Viewed in the light most favorable to Emtel, SOC’s materials indicate that each
videoconference could be expected to last about 30 minutes. One permissible inference is that Drs.
Munir and Hope required less time than might otherwise be expected to complete these particular
consultations. Another permissible inference is that these doctors viewed two patients at a time for
at least some portion of each call. Viewed in the light most favorable to Emtel, it is reasonable to
infer that although some videoconferences appear to start at the same time due to poor data entry,
other videoconferences in fact occurred at the same time.
SOC also argued that conducting two calls at once would have violated its internal protocols,
federal privacy laws, and the medical code of ethics. (Docket Entry No. 121, at 10–11). But the
evidence as to SOC’s internal policy is inconclusive. And the availability of simultaneous
conferences on separate endpoint monitors — which Emtel asserted would also be infringing —
does not appear to require the conclusion that HIPAA and doctor/patient confidentiality would be
violated. Nor is there evidence that in an emergency situation, simultaneous conferences would be
improper.
20
SOC’s argument that Emtel has not shown specifically how SOC achieved simultaneousness
— whether by multisite calling, by switching between feeds, by a consolidated, multisource feed,
or by giving a physician more than one endpoint — is insufficient to grant summary judgment.
Emtel is not required at this stage to produce evidence showing precisely how infringement occurred
to avoid summary judgment of noninfringement.
The present record does not permit the court to conclude that SOC is entitled to summary
judgment of noninfringement.8
IV.
Conclusion
SOC’s motion for summary judgment is denied.

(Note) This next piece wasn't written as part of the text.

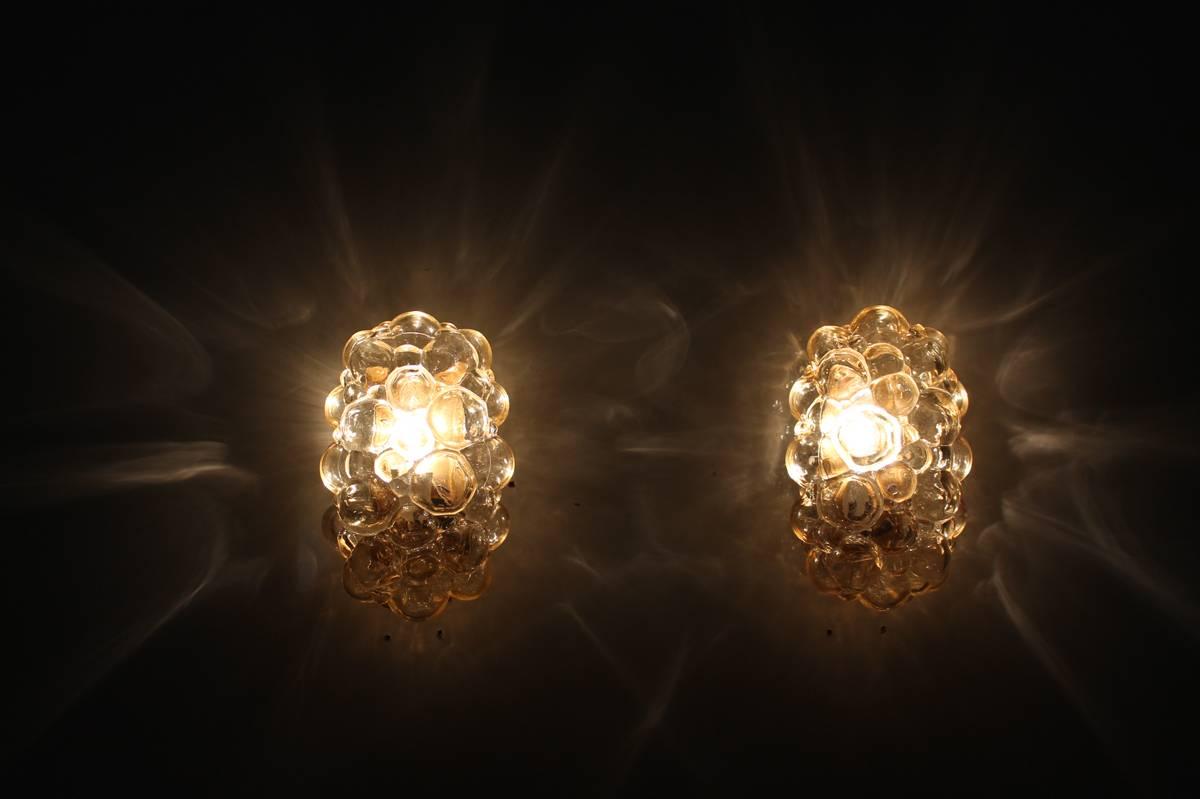 Pair of Oval Sconces, Helena Tynell for Limburg, Bubble Glass, Germany, 1960s  In Excellent Condition In Hamminkeln, DE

SIGNED on October 31, 2012, at Houston, Texas.
______________________________________
Lee H. Rosenthal
United States District Judge
8
SOC also argued that Emtel could not establish liability based on the doctrine of
equivalents. “The doctrine of equivalents allows the patentee to claim those insubstantial
alterations that were not captured in drafting the original patent claim but which could be created
through trivial changes.” Festo Corp. v. Shoketsu Kinzoku Kogyo Kabushiki, Ltd., 535 U.S. 722,
733 (2002). A corollary rule, the “all elements” rule, requires that every element of a patent
claim be present in an accused product to find patent infringement. Warner-Jenkinson, 520 U.S.
at 29–30. SOC argued that there could be no equivalence because its system lacked two claim
elements from claims 9–19: two established videoconference links and simultaneous viewing.
(Docket Entry No. 98, at 13). The court need not address this argument in light of the
conclusion that the record is insufficient to find an absence of direct infringement.